Listed entries:
- - -

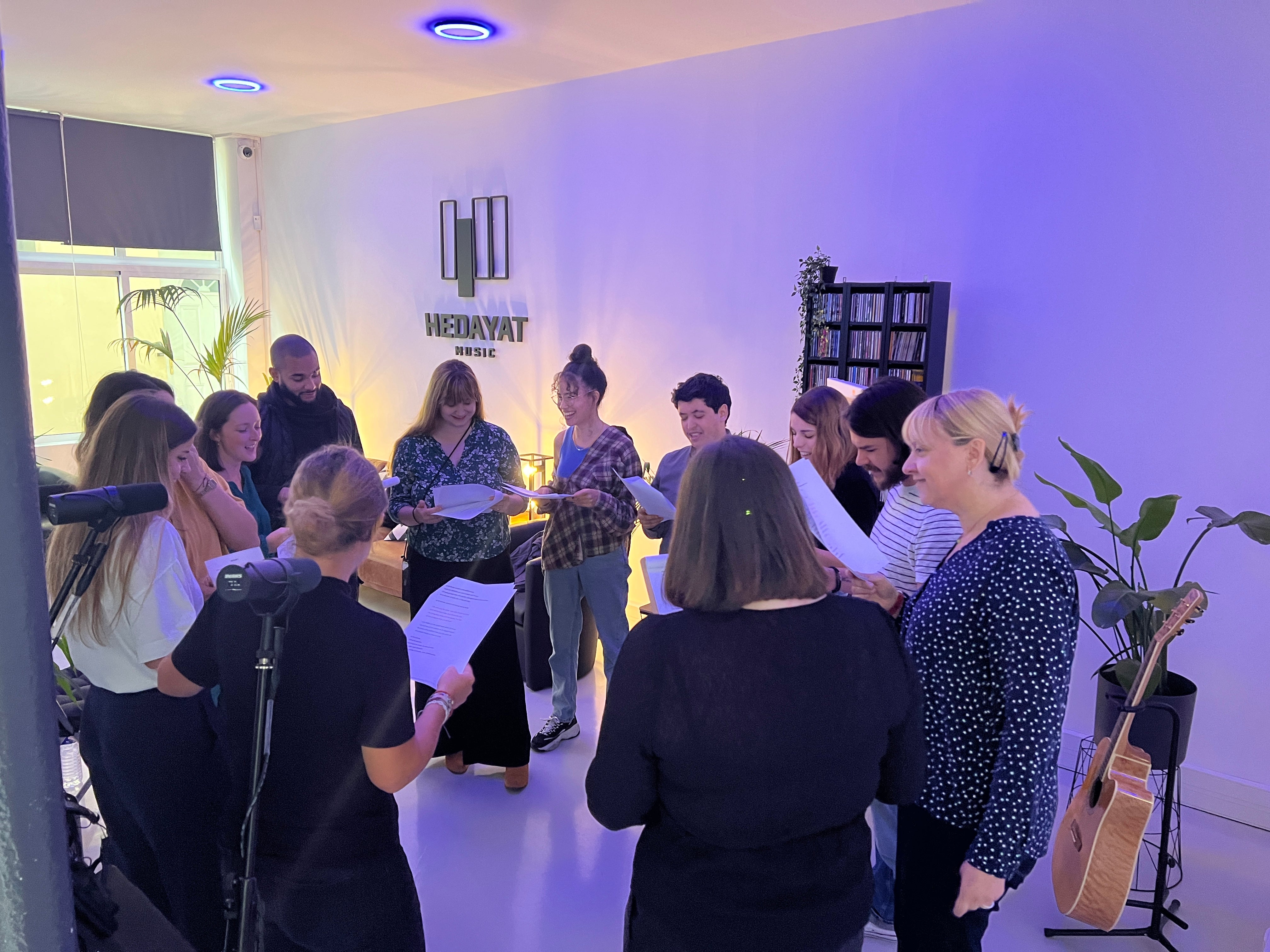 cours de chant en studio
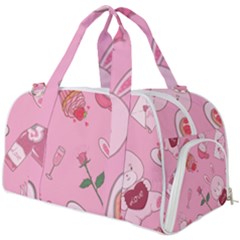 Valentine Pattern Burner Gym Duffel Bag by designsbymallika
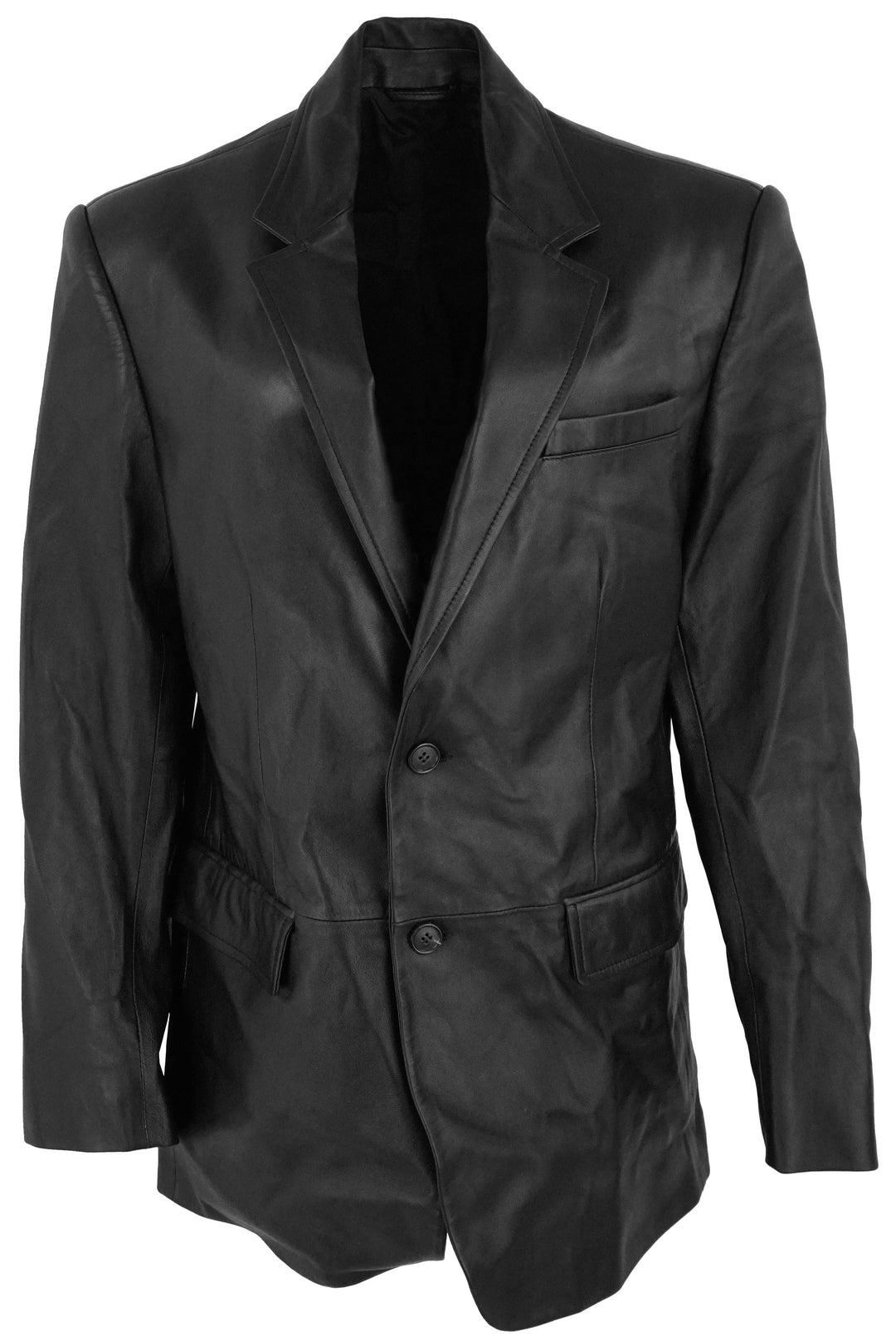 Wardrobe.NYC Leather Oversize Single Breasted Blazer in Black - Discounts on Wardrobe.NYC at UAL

- - -

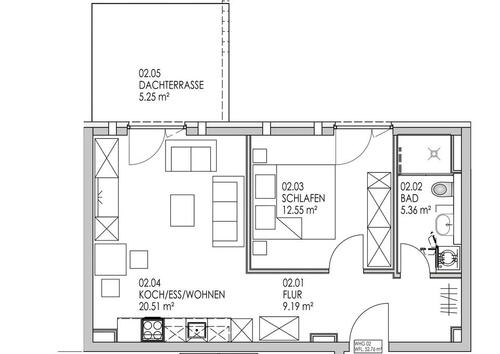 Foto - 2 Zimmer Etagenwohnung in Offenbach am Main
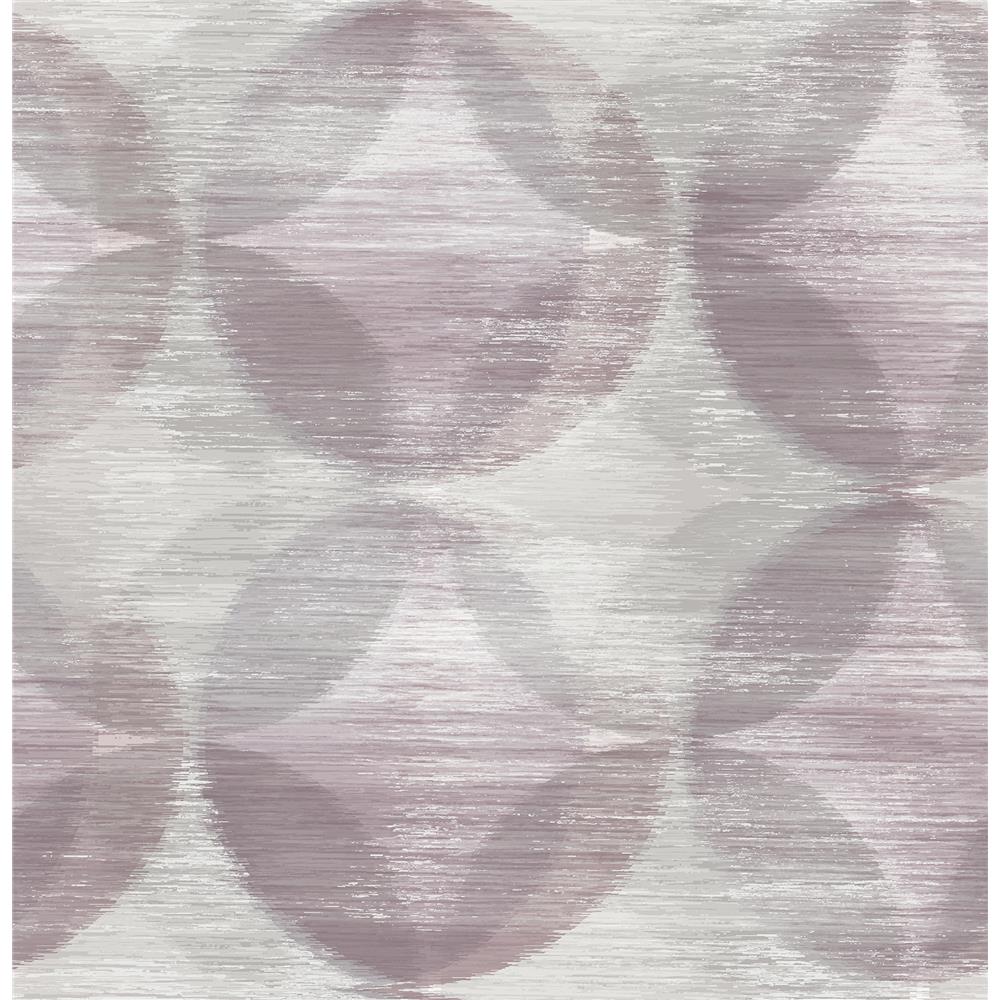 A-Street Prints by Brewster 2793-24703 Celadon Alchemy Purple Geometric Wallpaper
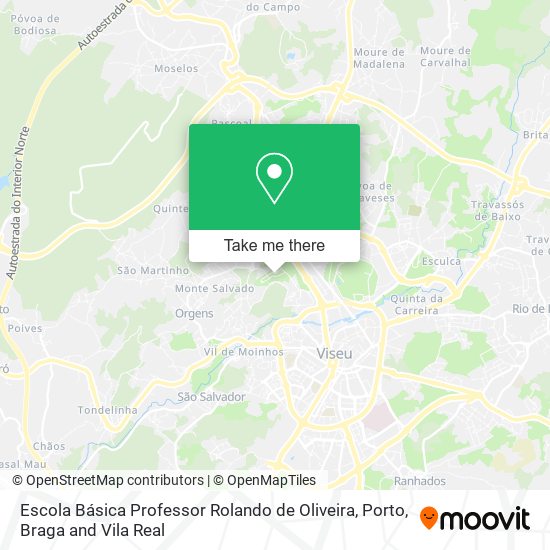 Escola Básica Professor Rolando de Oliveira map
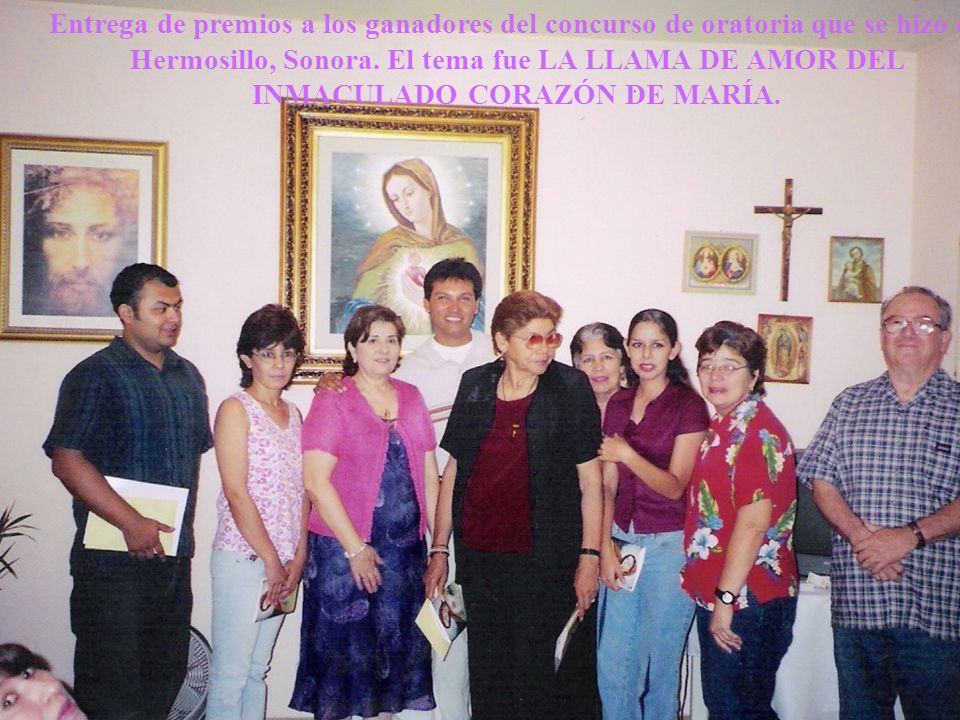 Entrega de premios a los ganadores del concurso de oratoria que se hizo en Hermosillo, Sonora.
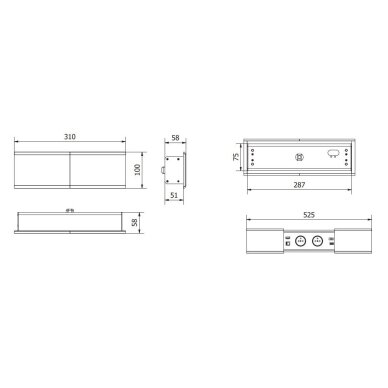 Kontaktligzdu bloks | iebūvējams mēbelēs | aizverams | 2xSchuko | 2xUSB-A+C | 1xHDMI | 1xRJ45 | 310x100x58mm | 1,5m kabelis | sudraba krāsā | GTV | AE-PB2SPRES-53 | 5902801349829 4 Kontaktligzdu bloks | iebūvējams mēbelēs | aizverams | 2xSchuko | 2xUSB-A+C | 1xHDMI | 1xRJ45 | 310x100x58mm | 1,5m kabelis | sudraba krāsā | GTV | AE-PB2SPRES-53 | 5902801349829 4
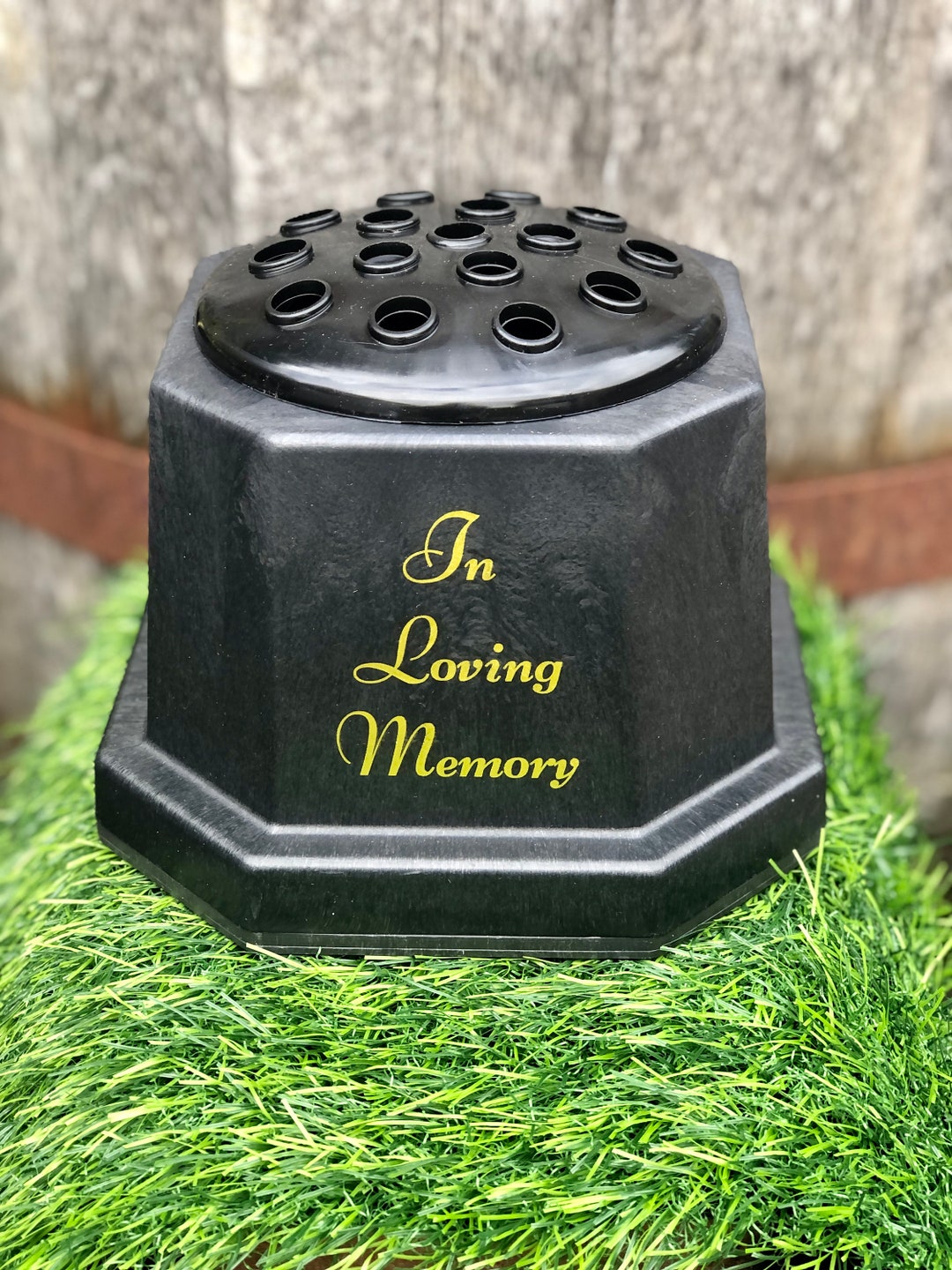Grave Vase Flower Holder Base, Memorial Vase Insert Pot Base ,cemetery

- - -

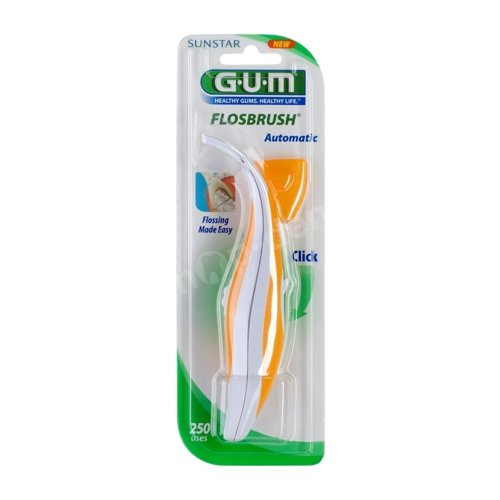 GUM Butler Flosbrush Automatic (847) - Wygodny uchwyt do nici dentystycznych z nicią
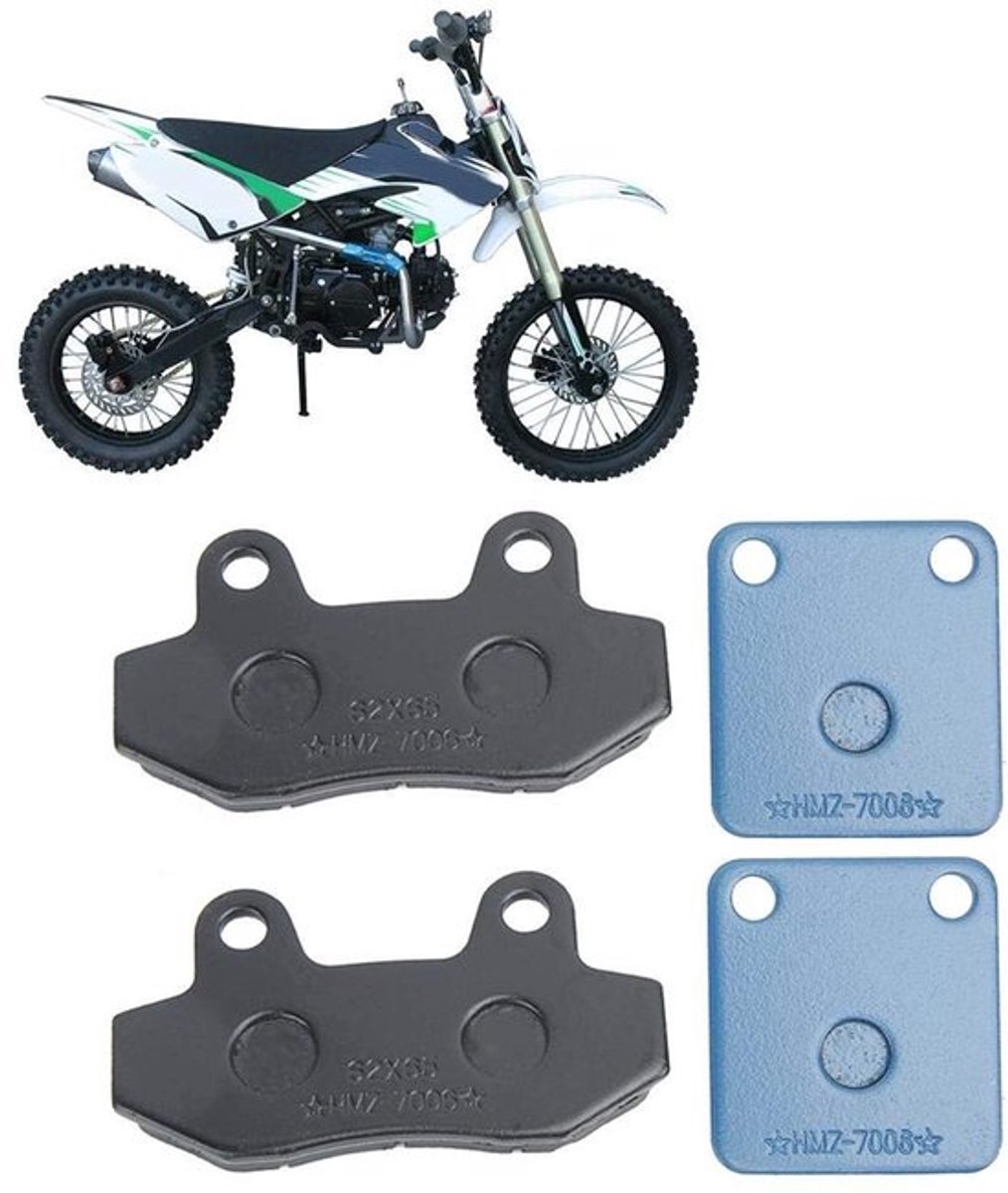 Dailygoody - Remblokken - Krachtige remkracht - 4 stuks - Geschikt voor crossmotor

- - -

Return only the stretch above from the line containing "Foto - 2 Zimmer" through the line containing "Grave Vase Flower", word for word and without pictures.

Exercise answer:
 Foto - 2 Zimmer Etagenwohnung in Offenbach am Main
 A-Street Prints by Brewster 2793-24703 Celadon Alchemy Purple Geometric Wallpaper
 Escola Básica Professor Rolando de Oliveira map
 Entrega de premios a los ganadores del concurso de oratoria que se hizo en Hermosillo, Sonora.
 Kontaktligzdu bloks | iebūvējams mēbelēs | aizverams | 2xSchuko | 2xUSB-A+C | 1xHDMI | 1xRJ45 | 310x100x58mm | 1,5m kabelis | sudraba krāsā | GTV | AE-PB2SPRES-53 | 5902801349829 4 Kontaktligzdu bloks | iebūvējams mēbelēs | aizverams | 2xSchuko | 2xUSB-A+C | 1xHDMI | 1xRJ45 | 310x100x58mm | 1,5m kabelis | sudraba krāsā | GTV | AE-PB2SPRES-53 | 5902801349829 4
Grave Vase Flower Holder Base, Memorial Vase Insert Pot Base ,cemetery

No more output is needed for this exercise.